This project, "Touqian River Waste AI Image Recognition System," led by Professor Neng-Fu Huang's team from the Department of Computer Science at National Tsing Hua University, aims to address the challenge of monitoring waste pollution in the Touqian River, Hsinchu's vital waterway. Facing the difficulty of capturing real-time, comprehensive data on river waste, the project's core content involves developing and deploying an advanced AI image recognition system.
The project began by installing real-time cameras at key points in the Touqian River basin (such as Matagudao) to automatically collect images. To train a high-accuracy recognition model, the team integrated a diverse image database, including: 1) Actual images captured by on-site cameras (over 500 collected); 2) Public open-source waste datasets like TrashNet (over 4,700 collected); 3) Samples photographed by the team (over 300 collected). Furthermore, the project introduced Generative AI technology to create images of specific or rare types of waste, significantly enhancing the model's training effectiveness and recognition breadth.
Project Results:
This project successfully constructed an automated, intelligent platform for monitoring river waste. Key results include:
- AI Recognition Core: An advanced AI recognition model was successfully trained and deployed. It can accurately identify various types of waste in images, such as plastic bottles, paper, and metal cans.

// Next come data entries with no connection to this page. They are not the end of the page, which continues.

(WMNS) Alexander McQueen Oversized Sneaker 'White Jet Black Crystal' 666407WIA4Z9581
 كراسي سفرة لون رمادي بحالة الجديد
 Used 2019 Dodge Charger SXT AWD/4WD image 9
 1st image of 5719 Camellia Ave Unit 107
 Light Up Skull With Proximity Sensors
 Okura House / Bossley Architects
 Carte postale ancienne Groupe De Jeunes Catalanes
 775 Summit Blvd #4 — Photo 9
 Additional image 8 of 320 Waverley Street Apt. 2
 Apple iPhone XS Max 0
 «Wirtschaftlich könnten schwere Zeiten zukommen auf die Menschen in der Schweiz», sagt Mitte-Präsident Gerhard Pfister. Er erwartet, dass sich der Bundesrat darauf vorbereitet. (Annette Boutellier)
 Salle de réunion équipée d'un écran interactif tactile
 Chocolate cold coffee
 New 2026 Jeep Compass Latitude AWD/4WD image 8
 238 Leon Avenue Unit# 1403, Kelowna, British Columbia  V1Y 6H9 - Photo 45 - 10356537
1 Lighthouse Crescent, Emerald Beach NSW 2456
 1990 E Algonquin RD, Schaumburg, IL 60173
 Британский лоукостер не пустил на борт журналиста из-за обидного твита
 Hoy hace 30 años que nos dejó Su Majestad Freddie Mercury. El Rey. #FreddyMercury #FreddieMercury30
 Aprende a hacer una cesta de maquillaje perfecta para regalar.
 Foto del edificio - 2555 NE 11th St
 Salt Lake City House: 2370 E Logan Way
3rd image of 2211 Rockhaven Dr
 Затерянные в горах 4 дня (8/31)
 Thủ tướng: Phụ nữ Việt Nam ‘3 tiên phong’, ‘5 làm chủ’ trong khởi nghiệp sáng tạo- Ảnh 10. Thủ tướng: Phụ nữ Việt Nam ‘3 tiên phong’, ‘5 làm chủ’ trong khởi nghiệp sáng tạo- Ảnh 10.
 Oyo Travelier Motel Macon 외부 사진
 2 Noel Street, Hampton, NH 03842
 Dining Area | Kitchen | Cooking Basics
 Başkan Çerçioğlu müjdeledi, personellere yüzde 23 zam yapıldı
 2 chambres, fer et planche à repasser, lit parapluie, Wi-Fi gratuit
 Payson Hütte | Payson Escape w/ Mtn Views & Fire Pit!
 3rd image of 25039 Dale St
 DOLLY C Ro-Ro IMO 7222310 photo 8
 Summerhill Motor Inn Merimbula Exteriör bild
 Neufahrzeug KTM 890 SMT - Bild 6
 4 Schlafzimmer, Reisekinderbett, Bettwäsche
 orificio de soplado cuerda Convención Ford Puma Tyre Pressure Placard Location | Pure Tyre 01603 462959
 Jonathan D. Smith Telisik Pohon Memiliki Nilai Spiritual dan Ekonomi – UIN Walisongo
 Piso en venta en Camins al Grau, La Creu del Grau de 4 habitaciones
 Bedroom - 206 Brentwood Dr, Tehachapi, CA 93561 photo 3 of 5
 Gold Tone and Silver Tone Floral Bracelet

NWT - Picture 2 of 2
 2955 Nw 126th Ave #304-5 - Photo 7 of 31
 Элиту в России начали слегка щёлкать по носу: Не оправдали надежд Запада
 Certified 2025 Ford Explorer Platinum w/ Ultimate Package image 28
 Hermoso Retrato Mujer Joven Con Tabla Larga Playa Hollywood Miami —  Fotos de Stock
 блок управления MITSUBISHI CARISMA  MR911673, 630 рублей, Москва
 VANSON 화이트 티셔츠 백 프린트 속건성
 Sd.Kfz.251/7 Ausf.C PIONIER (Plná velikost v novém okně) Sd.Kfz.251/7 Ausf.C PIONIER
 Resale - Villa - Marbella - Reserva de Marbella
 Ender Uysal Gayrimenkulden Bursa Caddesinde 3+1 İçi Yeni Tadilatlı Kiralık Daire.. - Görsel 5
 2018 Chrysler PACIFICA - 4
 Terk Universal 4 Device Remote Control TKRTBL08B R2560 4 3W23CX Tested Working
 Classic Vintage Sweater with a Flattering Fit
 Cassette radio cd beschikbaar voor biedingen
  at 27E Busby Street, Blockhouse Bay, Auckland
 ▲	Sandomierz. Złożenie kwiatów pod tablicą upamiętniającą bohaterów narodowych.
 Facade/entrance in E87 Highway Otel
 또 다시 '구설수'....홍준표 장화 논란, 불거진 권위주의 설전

- Real-time Monitoring and Alert System: The system automatically analyzes camera-feed images 24/7. Upon detecting waste, it immediately triggers an alert mechanism (e.g., via Line Notify) to inform relevant authorities for cleanup, drastically reducing response time.
- Data Dashboard and Trend Analysis: The project developed a visual data dashboard. This platform not only displays real-time waste detection results but also features statistical analysis functions. It reveals waste hotspots, common types, and trend periods, providing a strong scientific basis for allocating cleaning resources and formulating pollution prevention strategies.